Y by Adventure10, Mango247

1. Let us prove $g \leq n^2 - n$ . The number of elements $m \in M$ such that $\gcd(m,n^2) = 1$ is $\varphi(n^2) \geq n$ , since for $n = \prod_{k=1}^s p_k^{\alpha_k}$ , with $p_k$ primes and $\alpha_k \geq 1$ , we have $\varphi(n^2) = \prod_{k=1}^s (p_k -1) \cdot \prod_{k=1}^s p_k^{2\alpha_k - 1} \geq \prod_{k=1}^s p_k^{\alpha_k} = n$ . To these elements $m$ thus correspond at least $n-1$ elements $a = m+1 \in M$ (since $n^2-1$ is one of those elements $m$ , unavailable for $a$ ).

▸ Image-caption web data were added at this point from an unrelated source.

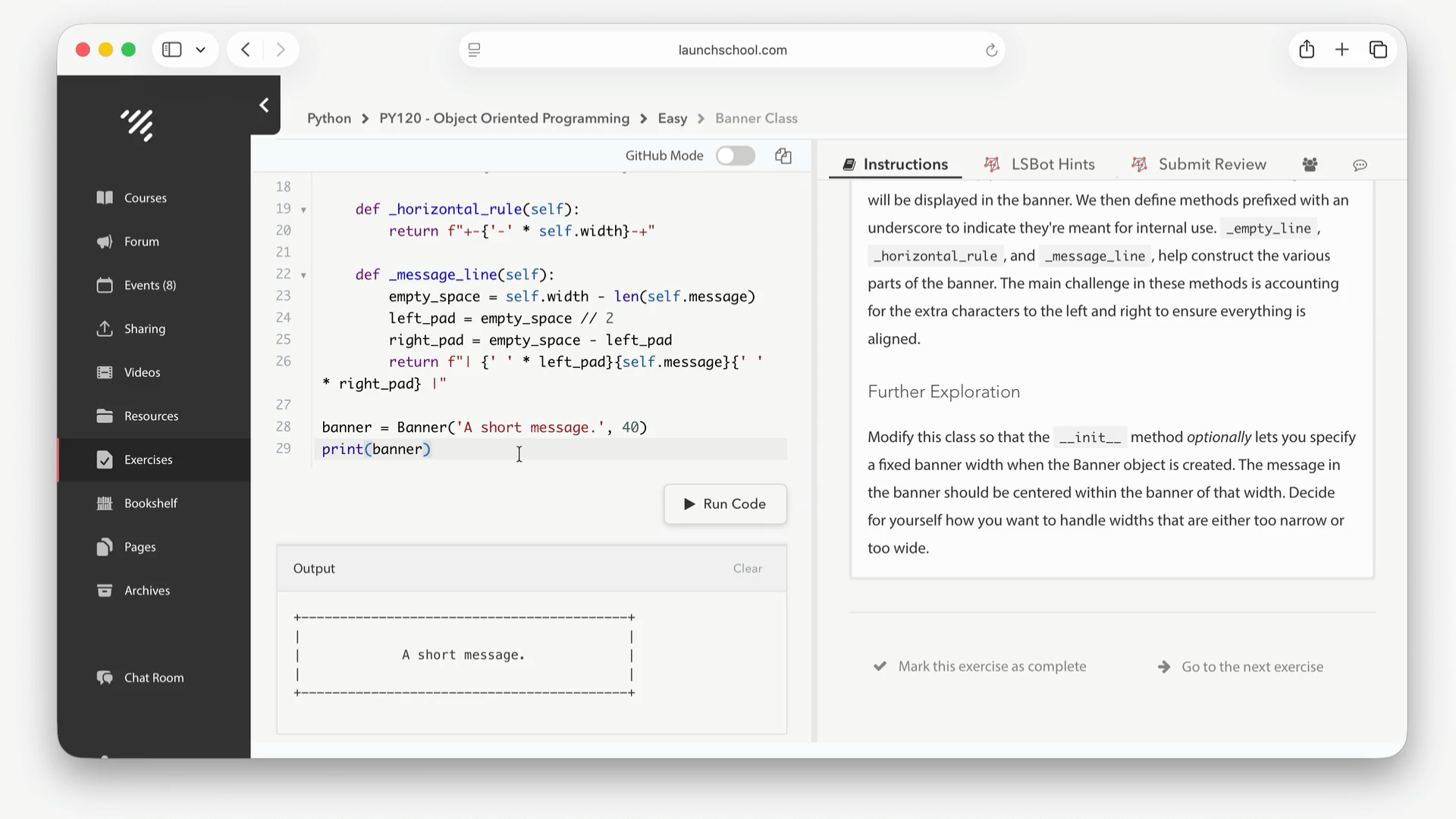 Requesting an LSBot Code Review for an Exercise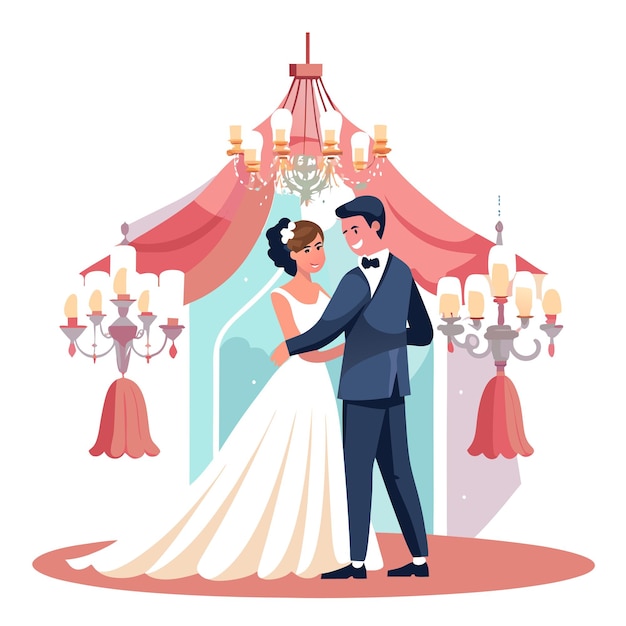 El concepto de ilustración vectorial de la fotografía del día de la boda de la novia y el novio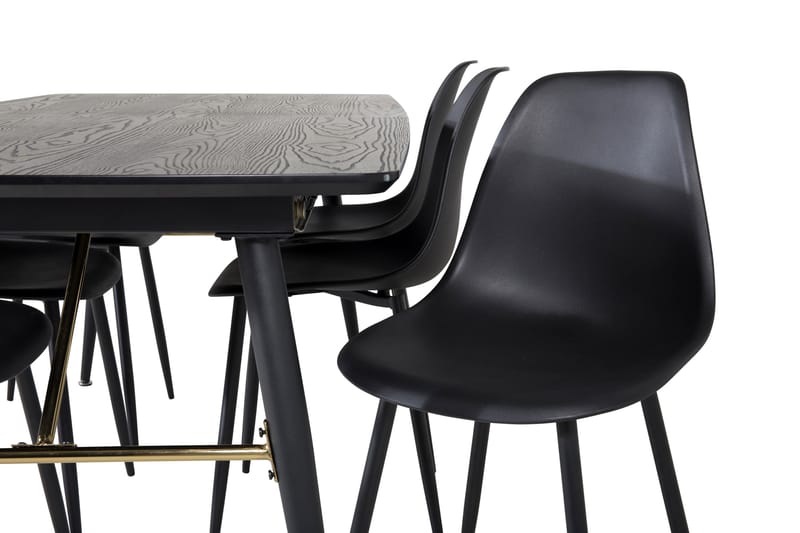 Irunea Udvideligt Spisebordssæt 180 cm inkl 6 Ypas Stole - Sort - Møbler - Borde - Spisebordssæt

As $ab - b = b(a-1)$ , when $\gcd(a-1,n^2)=1$ we would need $n^2 \mid b$ in order to have $n^2 \mid ab - b$ , impossible since $1\leq b \leq n^2-1$ . Therefore the number of good elements is $g \leq (n^2-1) - (n-1) = n^2 -n$ (with equality reached for $n=2$ ).

Moreover, any time $\gcd(a-1,n^2)=d > 1$ , the element $a$ is good, since $b = n^2/d$ is then available, so in conclusion $a$ is good if and only if $\gcd(a-1,n^2) > 1$ .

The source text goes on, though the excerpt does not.